Ministry of Communications

Agency overview
- Formed: April 15, 1931
- Preceding agency: Ministry of Home Affairs;
- Dissolved: March 6, 1939
- Superseding agency: Ministry of Public Works and Communications;
- Type: Ministry
- Jurisdiction: Government of Spain

= Ministry of Communications (Spain) =

The Ministry of Communications was a department of the Government of Spain active during the Second Republic and the Civil War. Originally, this ministry had powers on the postal service, telegraphs, telephone and radiocommunications. During the first years of the republic its powers gradually saw growth, assuming competences on aeronautics, navigation and air transport. Subsequently, in closer times to the civil war, the department assumed powers over the merchant marine and other transports.

== History ==
The Ministry of Communications is a unique department of the Second Spanish Republic. It has been not use in any other time. It was created on 15 April 1931, a day after the proclamation of the republic, and it assumed the powers of the Directorate-General for the Postal Service and Telegraphs of the Ministry of Home Affairs. From this ministry also assumed the competences relating the link between the Government and the Compañía Telefónica Nacional de España. Diego Martínez Barrio was the first minister.

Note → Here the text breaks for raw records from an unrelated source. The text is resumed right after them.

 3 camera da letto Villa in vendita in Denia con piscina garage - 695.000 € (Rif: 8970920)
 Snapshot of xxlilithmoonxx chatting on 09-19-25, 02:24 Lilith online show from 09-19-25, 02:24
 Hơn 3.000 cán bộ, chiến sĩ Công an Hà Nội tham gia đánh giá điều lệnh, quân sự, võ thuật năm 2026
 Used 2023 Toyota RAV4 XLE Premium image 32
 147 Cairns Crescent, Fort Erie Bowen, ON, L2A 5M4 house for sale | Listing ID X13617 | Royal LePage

Months later, in December 1931, minister Martínez Barrio left the portfolio and Santiago Casares Quiroga, Minister of Home Affairs, assumed the office temporarily until April 1932 when the Department was abolished and the Undersecretariat of Communications (main department of the Ministry) was transferred to the Ministry led by Casares Quiroga. The Department of Communications was recreated in 1933 with Miquel Santaló i Parvorell as its minister.

The Ministry merged in September 1935 with the Ministry of Public Works under the premiership of Joaquín Chapaprieta until February 1936. Briefly that year, under the premierships of Manuel Azaña, Augusto Barcía Trelles, Santiago Casares Quiroga, Diego Martínez Barrio and José Giral, both departments split again and ministry was renamed Ministry of Communications and Merchant Marine. In September that year, the ministry was renamed just Ministry of Communications and two months later it was renamed again "of Communications and Merchant Marine". In May 1937, it was merged again with Public Works.

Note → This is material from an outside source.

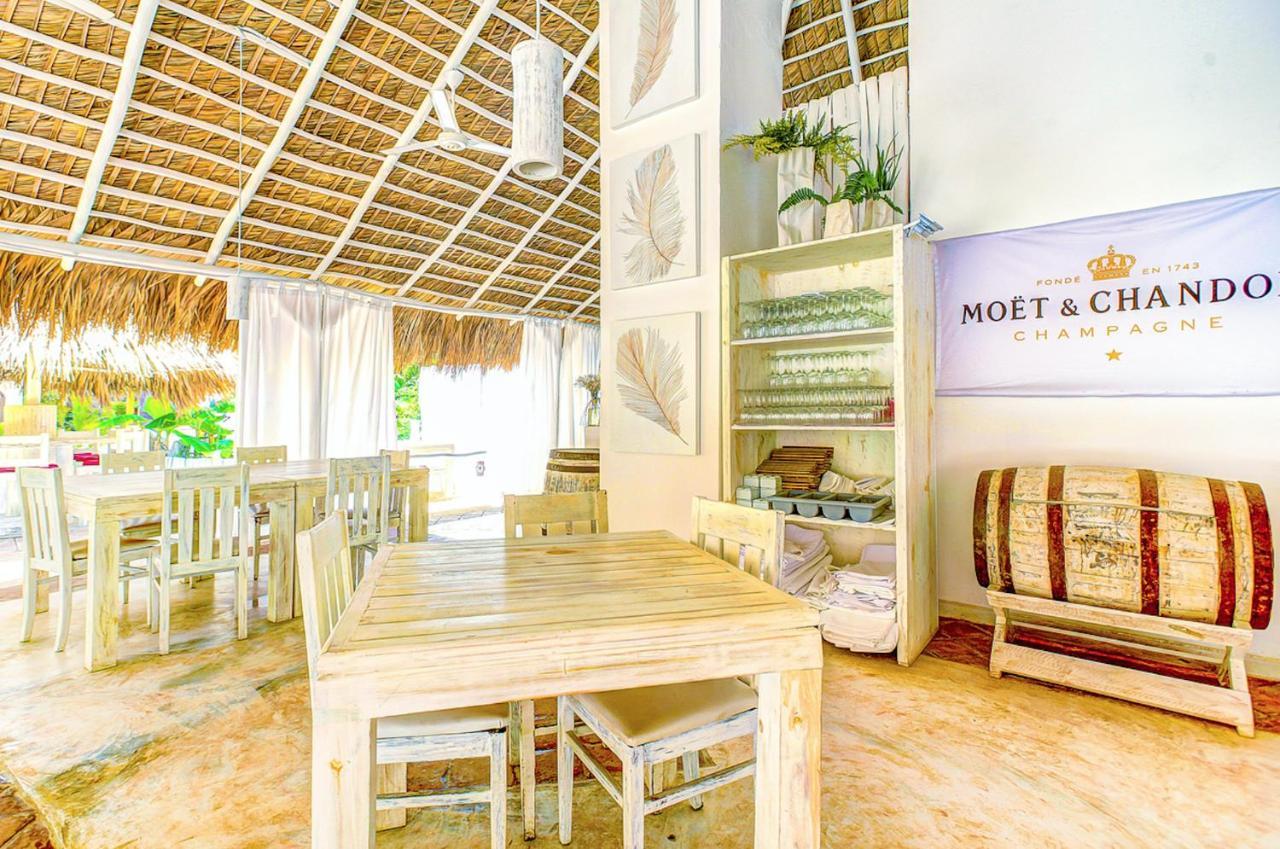 Aventura Village Los Corales Beach And Spa 푼타 카나 외부 사진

In April 1938, the ministries were split again and the Communications one assumed powers on transports, being renamed as Ministry of Communications and Transport until March 1939 when it was merged again with Public Works. After the end of the Civil War in April 1939, the dictator Franco did not use this department and the communications powers were part of the Ministry of Home Affairs during all the dictatorship.

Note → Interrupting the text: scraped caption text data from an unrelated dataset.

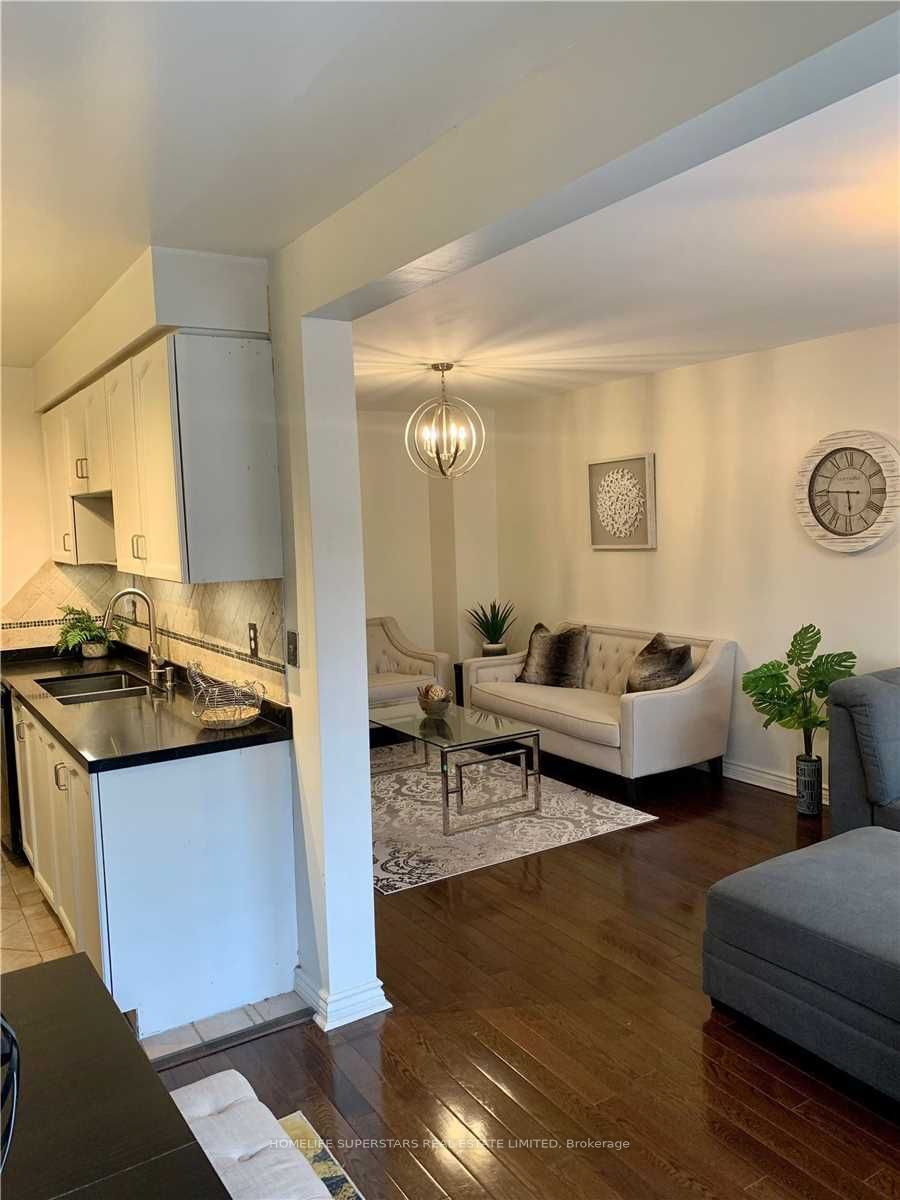 Additional image 4 of 38-550 Steddick Court, Mississauga, ON, L5R 3S8
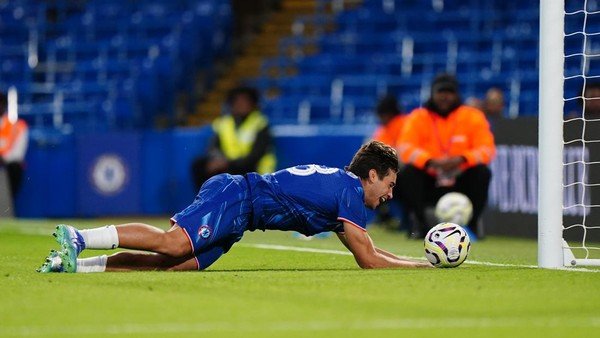 goalmedia - Fans Chelsea Kecewa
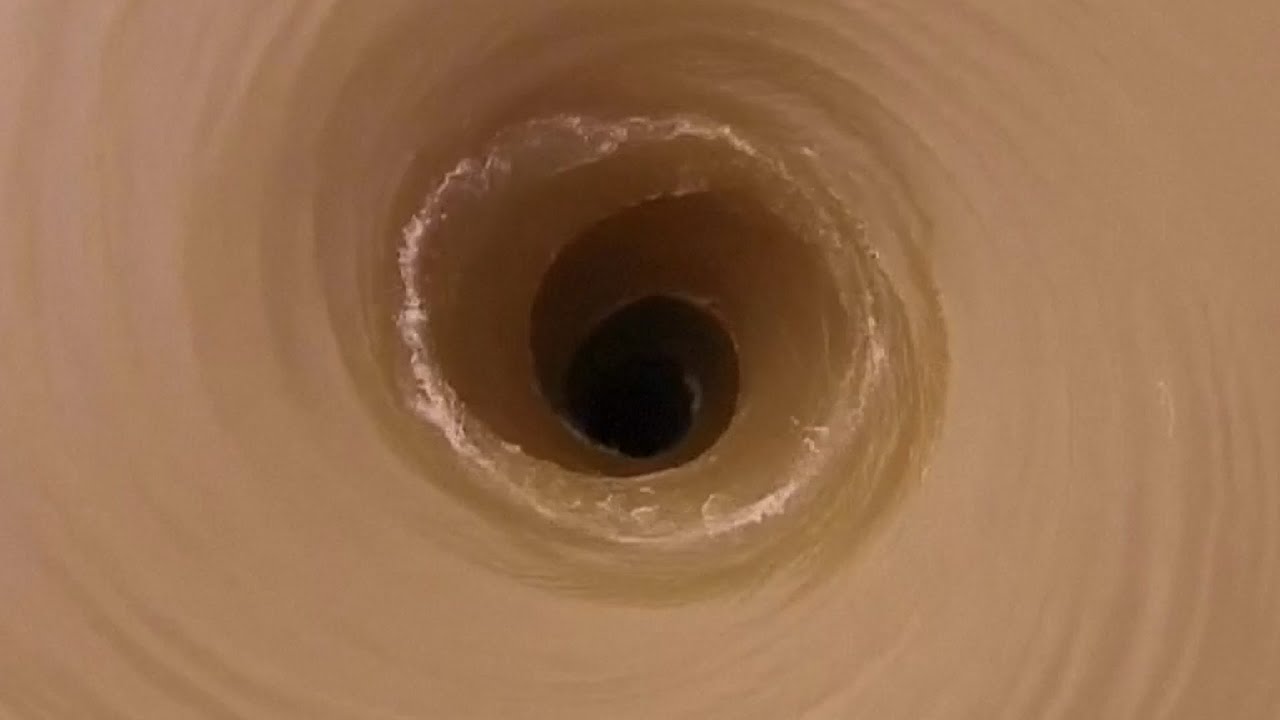 дыра в земле. кольская сверхглубокая дыра. фото дыр жен. фото дыр жен. огромная дыра.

During the last cabinets of Adolfo Suárez, the government of Calvo-Sotelo and the first cabinets of Felipe González, the powers were assumed by the Ministry of Transport until 1991, when they were transferred to the Ministry of Public Works and nowadays they remain in this ministry. However, the powers relating to telecommunications are in the Ministry of Economy.

== List of ministers ==

Name: Term; Duration; Party; Government; Ref.
Diego Martínez Barrio (1883–1962); 15 April 1931; 16 December 1931; 245 days; Radical Republican; Niceto Alcalá-Zamora; Niceto Alcalá-Zamora (1931–1936)
Manuel Azaña
Santiago Casares Quiroga (1884–1950) acting minister; 17 December 1931; 31 March 1932; 105 days; ORGA
Office disestablished during this interval.
Miquel Santaló (1888–1961); 12 September 1933; 8 October 1933; 26 days; Catalan Republican Left; Alejandro Lerroux
Emilio Palomo Aguado (1898–1964); 8 October 1933; 16 December 1933; 69 days; Radical Republican; Diego Martínez Barrio
José María Cid Ruiz-Zorrilla (1882–1956); 16 December 1933; 4 October 1934; 292 days; Radical Republican; Alejandro Lerroux
Ricardo Samper
César Jalón Aragón (1889–1985); 4 October 1934; 6 May 1935; 128 days; Radical Republican; Alejandro Lerroux
Luis Lucía Lucía (1888–1943); 6 May 1935; 25 September 1935; 142 days; CEDA
Office disestablished during this interval.
Manuel Blasco Garzón (1885–1954); 19 February 1936; 13 May 1936; 84 days; Republican Unionist; Manuel Azaña
Augusto Barcia Trelles; Manuel Azaña (1936–1939)
Bernardo Giner de los Ríos (1888–1970); 13 May 1936; 19 July 1936; 67 days; Republican Unionist; Santiago Casares Quiroga
Joan Lluhí (1897–1944); 19 July 1936; 19 July 1936; 0 days; Catalan Republican Left; Diego Martínez Barrio
Start of the Spanish Civil War
Bernardo Giner de los Ríos (1888–1970); 19 July 1936; 4 September 1936; 47 days; Republican Unionist; José Giral
Francisco Largo Caballero
Office disestablished during this interval.
Bernardo Giner de los Ríos (1888–1970); 5 April 1938; 5 March 1939; 334 days; Republican Unionist; Juan Negrín
Office permanently abolished.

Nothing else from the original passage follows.